/---

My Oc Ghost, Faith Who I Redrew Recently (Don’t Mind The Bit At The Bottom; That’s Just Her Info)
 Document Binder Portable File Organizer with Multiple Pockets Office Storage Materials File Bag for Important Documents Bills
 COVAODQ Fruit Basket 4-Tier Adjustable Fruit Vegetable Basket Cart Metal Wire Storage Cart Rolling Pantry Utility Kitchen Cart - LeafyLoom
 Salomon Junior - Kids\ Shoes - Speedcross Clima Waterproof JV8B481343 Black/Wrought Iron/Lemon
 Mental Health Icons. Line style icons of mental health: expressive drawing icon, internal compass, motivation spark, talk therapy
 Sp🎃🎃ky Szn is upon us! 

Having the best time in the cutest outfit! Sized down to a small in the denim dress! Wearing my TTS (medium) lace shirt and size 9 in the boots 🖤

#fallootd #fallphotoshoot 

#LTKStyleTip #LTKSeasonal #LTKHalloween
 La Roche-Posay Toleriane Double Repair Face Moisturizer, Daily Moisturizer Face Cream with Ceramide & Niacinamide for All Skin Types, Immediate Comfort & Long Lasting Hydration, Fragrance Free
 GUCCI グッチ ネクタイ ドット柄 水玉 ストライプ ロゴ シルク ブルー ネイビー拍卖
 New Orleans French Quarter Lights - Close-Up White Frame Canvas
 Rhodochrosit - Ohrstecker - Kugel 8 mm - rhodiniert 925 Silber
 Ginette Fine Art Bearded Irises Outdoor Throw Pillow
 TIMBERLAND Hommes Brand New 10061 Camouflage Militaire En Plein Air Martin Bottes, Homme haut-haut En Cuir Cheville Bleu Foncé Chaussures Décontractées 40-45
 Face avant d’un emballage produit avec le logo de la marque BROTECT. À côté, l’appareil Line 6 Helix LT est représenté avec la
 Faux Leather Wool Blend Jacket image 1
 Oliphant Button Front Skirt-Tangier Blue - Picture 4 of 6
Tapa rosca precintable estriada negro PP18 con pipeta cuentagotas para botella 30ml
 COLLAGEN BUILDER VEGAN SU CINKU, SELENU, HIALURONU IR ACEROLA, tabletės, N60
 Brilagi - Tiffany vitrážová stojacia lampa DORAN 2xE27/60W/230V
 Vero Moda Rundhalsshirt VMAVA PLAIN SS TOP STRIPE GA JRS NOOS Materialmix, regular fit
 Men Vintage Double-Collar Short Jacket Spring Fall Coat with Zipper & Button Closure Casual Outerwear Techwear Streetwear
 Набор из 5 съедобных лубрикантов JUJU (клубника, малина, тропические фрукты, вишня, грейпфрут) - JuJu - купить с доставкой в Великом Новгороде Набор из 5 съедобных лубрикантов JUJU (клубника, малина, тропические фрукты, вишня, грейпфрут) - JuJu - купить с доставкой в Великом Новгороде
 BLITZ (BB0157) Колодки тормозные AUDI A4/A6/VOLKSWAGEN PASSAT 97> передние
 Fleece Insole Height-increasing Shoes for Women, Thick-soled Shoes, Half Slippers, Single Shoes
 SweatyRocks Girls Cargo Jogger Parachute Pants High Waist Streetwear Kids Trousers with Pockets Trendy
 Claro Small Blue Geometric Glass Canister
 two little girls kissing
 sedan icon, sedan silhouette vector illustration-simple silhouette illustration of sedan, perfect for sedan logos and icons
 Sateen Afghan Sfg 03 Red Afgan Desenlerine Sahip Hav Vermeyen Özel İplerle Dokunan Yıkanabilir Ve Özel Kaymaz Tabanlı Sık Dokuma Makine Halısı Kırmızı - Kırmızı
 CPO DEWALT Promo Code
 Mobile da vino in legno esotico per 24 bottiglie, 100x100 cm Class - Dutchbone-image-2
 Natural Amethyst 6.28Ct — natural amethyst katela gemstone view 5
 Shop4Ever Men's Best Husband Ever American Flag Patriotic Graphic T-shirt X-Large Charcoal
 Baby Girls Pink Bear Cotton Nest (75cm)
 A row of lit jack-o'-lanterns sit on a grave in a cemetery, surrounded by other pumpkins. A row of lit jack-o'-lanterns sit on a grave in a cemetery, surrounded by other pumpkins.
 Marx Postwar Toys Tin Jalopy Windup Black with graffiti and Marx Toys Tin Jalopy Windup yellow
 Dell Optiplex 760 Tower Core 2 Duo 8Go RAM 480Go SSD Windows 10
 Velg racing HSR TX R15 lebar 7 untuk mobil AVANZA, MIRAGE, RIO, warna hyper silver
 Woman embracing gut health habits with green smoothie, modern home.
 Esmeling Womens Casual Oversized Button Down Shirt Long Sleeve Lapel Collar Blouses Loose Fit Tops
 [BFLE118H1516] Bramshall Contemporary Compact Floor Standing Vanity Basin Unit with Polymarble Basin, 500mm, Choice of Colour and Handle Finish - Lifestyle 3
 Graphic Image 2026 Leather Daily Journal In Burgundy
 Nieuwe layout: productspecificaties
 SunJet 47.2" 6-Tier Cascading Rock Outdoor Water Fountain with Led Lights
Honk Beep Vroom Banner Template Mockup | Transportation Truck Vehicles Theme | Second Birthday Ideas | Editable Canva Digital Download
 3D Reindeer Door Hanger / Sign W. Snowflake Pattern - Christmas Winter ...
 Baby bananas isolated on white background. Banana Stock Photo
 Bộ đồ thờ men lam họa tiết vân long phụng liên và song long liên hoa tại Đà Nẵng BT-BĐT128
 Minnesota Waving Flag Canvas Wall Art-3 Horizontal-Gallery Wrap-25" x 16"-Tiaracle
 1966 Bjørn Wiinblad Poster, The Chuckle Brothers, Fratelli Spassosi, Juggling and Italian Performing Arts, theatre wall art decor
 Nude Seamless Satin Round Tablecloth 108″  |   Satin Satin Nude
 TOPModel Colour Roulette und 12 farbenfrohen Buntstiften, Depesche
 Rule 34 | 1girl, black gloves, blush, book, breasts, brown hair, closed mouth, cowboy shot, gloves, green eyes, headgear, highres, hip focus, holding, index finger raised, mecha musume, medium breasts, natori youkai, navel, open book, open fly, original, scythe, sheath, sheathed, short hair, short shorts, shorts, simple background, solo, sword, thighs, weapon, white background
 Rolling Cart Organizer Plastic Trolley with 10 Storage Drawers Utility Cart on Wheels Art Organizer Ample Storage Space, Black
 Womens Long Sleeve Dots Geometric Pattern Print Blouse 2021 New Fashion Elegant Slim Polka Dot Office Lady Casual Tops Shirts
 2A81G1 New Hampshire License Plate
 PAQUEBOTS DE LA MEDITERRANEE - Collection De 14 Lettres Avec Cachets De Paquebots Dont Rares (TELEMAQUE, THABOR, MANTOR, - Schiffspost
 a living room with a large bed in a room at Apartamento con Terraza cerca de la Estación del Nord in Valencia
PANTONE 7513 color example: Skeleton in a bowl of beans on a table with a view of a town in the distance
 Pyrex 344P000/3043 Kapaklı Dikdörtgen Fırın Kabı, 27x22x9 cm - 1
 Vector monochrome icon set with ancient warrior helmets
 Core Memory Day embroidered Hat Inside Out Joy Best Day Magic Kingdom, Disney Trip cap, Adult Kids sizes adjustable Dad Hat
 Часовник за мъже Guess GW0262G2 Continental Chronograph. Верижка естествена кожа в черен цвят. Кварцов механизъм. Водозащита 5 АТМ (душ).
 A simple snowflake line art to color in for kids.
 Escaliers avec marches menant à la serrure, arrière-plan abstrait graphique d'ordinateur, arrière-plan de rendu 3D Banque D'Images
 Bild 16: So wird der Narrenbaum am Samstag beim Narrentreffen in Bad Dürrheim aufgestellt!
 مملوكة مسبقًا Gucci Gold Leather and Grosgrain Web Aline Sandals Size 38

\---

▶ [Your assignment]:
Output the entire listing precisely as it stands.

▶ [Expected answer]:
My Oc Ghost, Faith Who I Redrew Recently (Don’t Mind The Bit At The Bottom; That’s Just Her Info)
 Document Binder Portable File Organizer with Multiple Pockets Office Storage Materials File Bag for Important Documents Bills
 COVAODQ Fruit Basket 4-Tier Adjustable Fruit Vegetable Basket Cart Metal Wire Storage Cart Rolling Pantry Utility Kitchen Cart - LeafyLoom
 Salomon Junior - Kids\ Shoes - Speedcross Clima Waterproof JV8B481343 Black/Wrought Iron/Lemon
 Mental Health Icons. Line style icons of mental health: expressive drawing icon, internal compass, motivation spark, talk therapy
 Sp🎃🎃ky Szn is upon us! 

Having the best time in the cutest outfit! Sized down to a small in the denim dress! Wearing my TTS (medium) lace shirt and size 9 in the boots 🖤

#fallootd #fallphotoshoot 

#LTKStyleTip #LTKSeasonal #LTKHalloween
 La Roche-Posay Toleriane Double Repair Face Moisturizer, Daily Moisturizer Face Cream with Ceramide & Niacinamide for All Skin Types, Immediate Comfort & Long Lasting Hydration, Fragrance Free
 GUCCI グッチ ネクタイ ドット柄 水玉 ストライプ ロゴ シルク ブルー ネイビー拍卖
 New Orleans French Quarter Lights - Close-Up White Frame Canvas
 Rhodochrosit - Ohrstecker - Kugel 8 mm - rhodiniert 925 Silber
 Ginette Fine Art Bearded Irises Outdoor Throw Pillow
 TIMBERLAND Hommes Brand New 10061 Camouflage Militaire En Plein Air Martin Bottes, Homme haut-haut En Cuir Cheville Bleu Foncé Chaussures Décontractées 40-45
 Face avant d’un emballage produit avec le logo de la marque BROTECT. À côté, l’appareil Line 6 Helix LT est représenté avec la
 Faux Leather Wool Blend Jacket image 1
 Oliphant Button Front Skirt-Tangier Blue - Picture 4 of 6
Tapa rosca precintable estriada negro PP18 con pipeta cuentagotas para botella 30ml
 COLLAGEN BUILDER VEGAN SU CINKU, SELENU, HIALURONU IR ACEROLA, tabletės, N60
 Brilagi - Tiffany vitrážová stojacia lampa DORAN 2xE27/60W/230V
 Vero Moda Rundhalsshirt VMAVA PLAIN SS TOP STRIPE GA JRS NOOS Materialmix, regular fit
 Men Vintage Double-Collar Short Jacket Spring Fall Coat with Zipper & Button Closure Casual Outerwear Techwear Streetwear
 Набор из 5 съедобных лубрикантов JUJU (клубника, малина, тропические фрукты, вишня, грейпфрут) - JuJu - купить с доставкой в Великом Новгороде Набор из 5 съедобных лубрикантов JUJU (клубника, малина, тропические фрукты, вишня, грейпфрут) - JuJu - купить с доставкой в Великом Новгороде
 BLITZ (BB0157) Колодки тормозные AUDI A4/A6/VOLKSWAGEN PASSAT 97> передние
 Fleece Insole Height-increasing Shoes for Women, Thick-soled Shoes, Half Slippers, Single Shoes
 SweatyRocks Girls Cargo Jogger Parachute Pants High Waist Streetwear Kids Trousers with Pockets Trendy
 Claro Small Blue Geometric Glass Canister
 two little girls kissing
 sedan icon, sedan silhouette vector illustration-simple silhouette illustration of sedan, perfect for sedan logos and icons
 Sateen Afghan Sfg 03 Red Afgan Desenlerine Sahip Hav Vermeyen Özel İplerle Dokunan Yıkanabilir Ve Özel Kaymaz Tabanlı Sık Dokuma Makine Halısı Kırmızı - Kırmızı
 CPO DEWALT Promo Code
 Mobile da vino in legno esotico per 24 bottiglie, 100x100 cm Class - Dutchbone-image-2
 Natural Amethyst 6.28Ct — natural amethyst katela gemstone view 5
 Shop4Ever Men's Best Husband Ever American Flag Patriotic Graphic T-shirt X-Large Charcoal
 Baby Girls Pink Bear Cotton Nest (75cm)
 A row of lit jack-o'-lanterns sit on a grave in a cemetery, surrounded by other pumpkins. A row of lit jack-o'-lanterns sit on a grave in a cemetery, surrounded by other pumpkins.
 Marx Postwar Toys Tin Jalopy Windup Black with graffiti and Marx Toys Tin Jalopy Windup yellow
 Dell Optiplex 760 Tower Core 2 Duo 8Go RAM 480Go SSD Windows 10
 Velg racing HSR TX R15 lebar 7 untuk mobil AVANZA, MIRAGE, RIO, warna hyper silver
 Woman embracing gut health habits with green smoothie, modern home.
 Esmeling Womens Casual Oversized Button Down Shirt Long Sleeve Lapel Collar Blouses Loose Fit Tops
 [BFLE118H1516] Bramshall Contemporary Compact Floor Standing Vanity Basin Unit with Polymarble Basin, 500mm, Choice of Colour and Handle Finish - Lifestyle 3
 Graphic Image 2026 Leather Daily Journal In Burgundy
 Nieuwe layout: productspecificaties
 SunJet 47.2" 6-Tier Cascading Rock Outdoor Water Fountain with Led Lights
Honk Beep Vroom Banner Template Mockup | Transportation Truck Vehicles Theme | Second Birthday Ideas | Editable Canva Digital Download
 3D Reindeer Door Hanger / Sign W. Snowflake Pattern - Christmas Winter ...
 Baby bananas isolated on white background. Banana Stock Photo
 Bộ đồ thờ men lam họa tiết vân long phụng liên và song long liên hoa tại Đà Nẵng BT-BĐT128
 Minnesota Waving Flag Canvas Wall Art-3 Horizontal-Gallery Wrap-25" x 16"-Tiaracle
 1966 Bjørn Wiinblad Poster, The Chuckle Brothers, Fratelli Spassosi, Juggling and Italian Performing Arts, theatre wall art decor
 Nude Seamless Satin Round Tablecloth 108″  |   Satin Satin Nude
 TOPModel Colour Roulette und 12 farbenfrohen Buntstiften, Depesche
 Rule 34 | 1girl, black gloves, blush, book, breasts, brown hair, closed mouth, cowboy shot, gloves, green eyes, headgear, highres, hip focus, holding, index finger raised, mecha musume, medium breasts, natori youkai, navel, open book, open fly, original, scythe, sheath, sheathed, short hair, short shorts, shorts, simple background, solo, sword, thighs, weapon, white background
 Rolling Cart Organizer Plastic Trolley with 10 Storage Drawers Utility Cart on Wheels Art Organizer Ample Storage Space, Black
 Womens Long Sleeve Dots Geometric Pattern Print Blouse 2021 New Fashion Elegant Slim Polka Dot Office Lady Casual Tops Shirts
 2A81G1 New Hampshire License Plate
 PAQUEBOTS DE LA MEDITERRANEE - Collection De 14 Lettres Avec Cachets De Paquebots Dont Rares (TELEMAQUE, THABOR, MANTOR, - Schiffspost
 a living room with a large bed in a room at Apartamento con Terraza cerca de la Estación del Nord in Valencia
PANTONE 7513 color example: Skeleton in a bowl of beans on a table with a view of a town in the distance
 Pyrex 344P000/3043 Kapaklı Dikdörtgen Fırın Kabı, 27x22x9 cm - 1
 Vector monochrome icon set with ancient warrior helmets
 Core Memory Day embroidered Hat Inside Out Joy Best Day Magic Kingdom, Disney Trip cap, Adult Kids sizes adjustable Dad Hat
 Часовник за мъже Guess GW0262G2 Continental Chronograph. Верижка естествена кожа в черен цвят. Кварцов механизъм. Водозащита 5 АТМ (душ).
 A simple snowflake line art to color in for kids.
 Escaliers avec marches menant à la serrure, arrière-plan abstrait graphique d'ordinateur, arrière-plan de rendu 3D Banque D'Images
 Bild 16: So wird der Narrenbaum am Samstag beim Narrentreffen in Bad Dürrheim aufgestellt!
 مملوكة مسبقًا Gucci Gold Leather and Grosgrain Web Aline Sandals Size 38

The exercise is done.